[[ PROVIDED DATA, beginning ]]

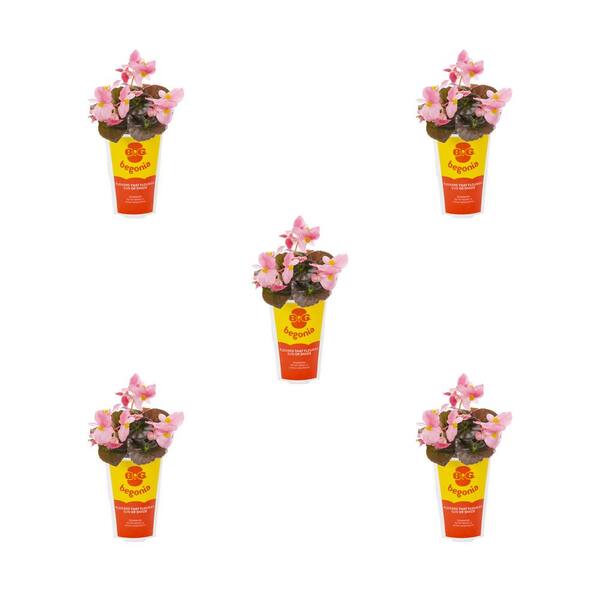METROLINA GREENHOUSES 1.5 PT Big Begonia Pink with Bronze Leaf Annual Plant (5-Pack)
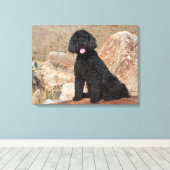 USA, California. Labradoodle Sitting Canvas Afdruk (Insitu (Houten vloer))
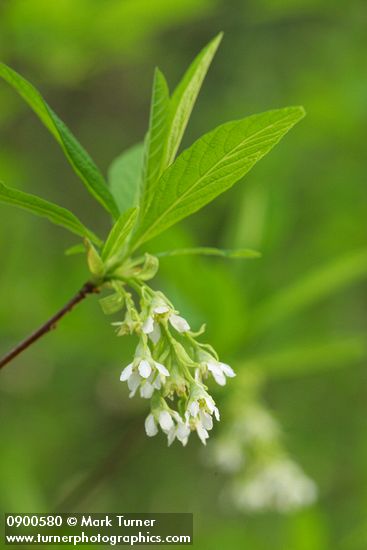 Oemleria cerasiformis
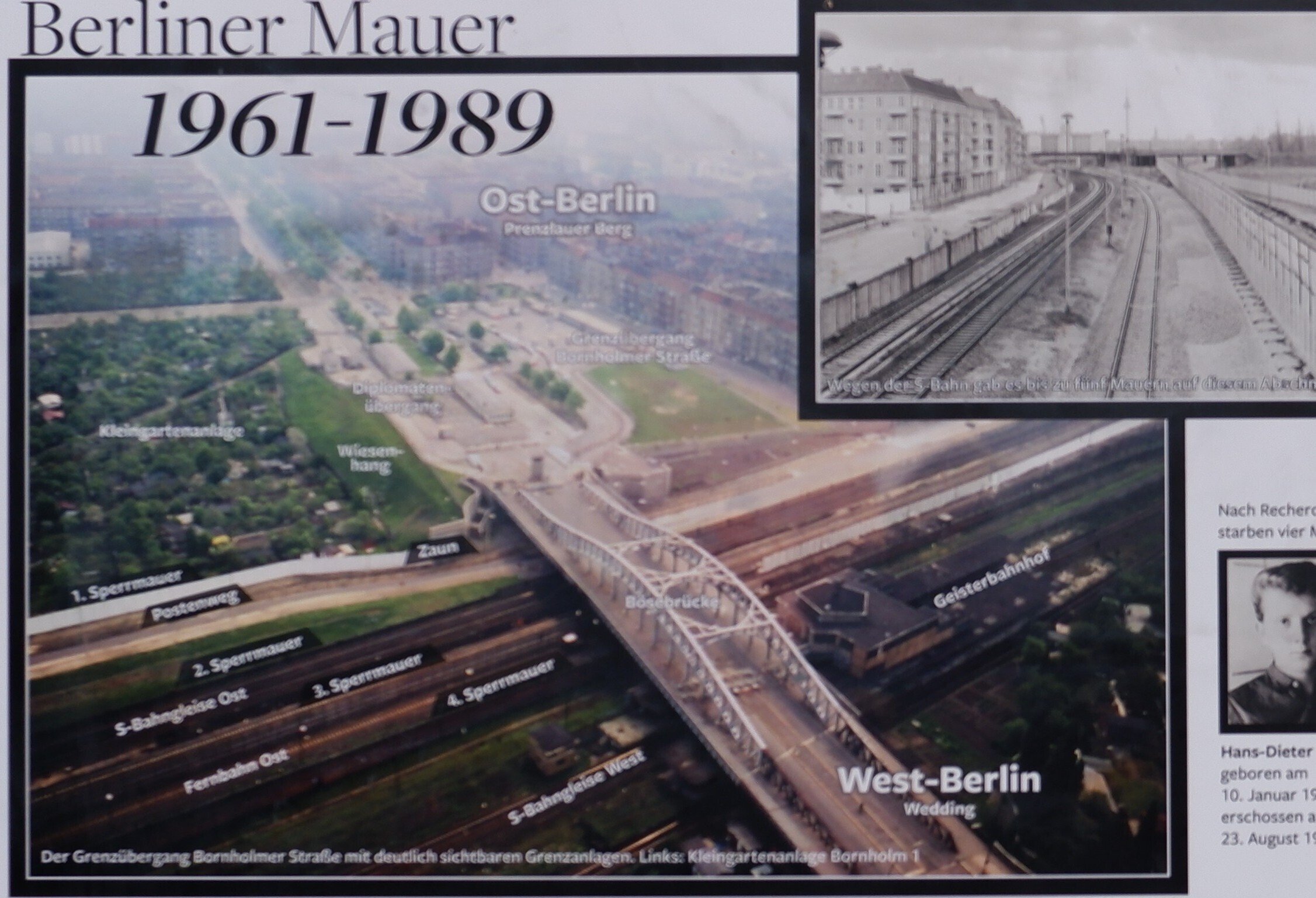 🇩🇪ベルリンの壁③～日本の桜咲く、壁が最初に崩壊した激動の地を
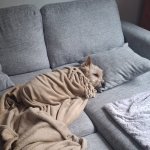 Sleepy dog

[[ PROVIDED DATA, end ]]

### WHAT THIS TASK INVOLVES
Output all the records above again exactly, with the pictures dropped.

### SOLUTION FOR THIS PROBLEM
METROLINA GREENHOUSES 1.5 PT Big Begonia Pink with Bronze Leaf Annual Plant (5-Pack)
 USA, California. Labradoodle Sitting Canvas Afdruk (Insitu (Houten vloer))
 Oemleria cerasiformis
 🇩🇪ベルリンの壁③～日本の桜咲く、壁が最初に崩壊した激動の地を
 Sleepy dog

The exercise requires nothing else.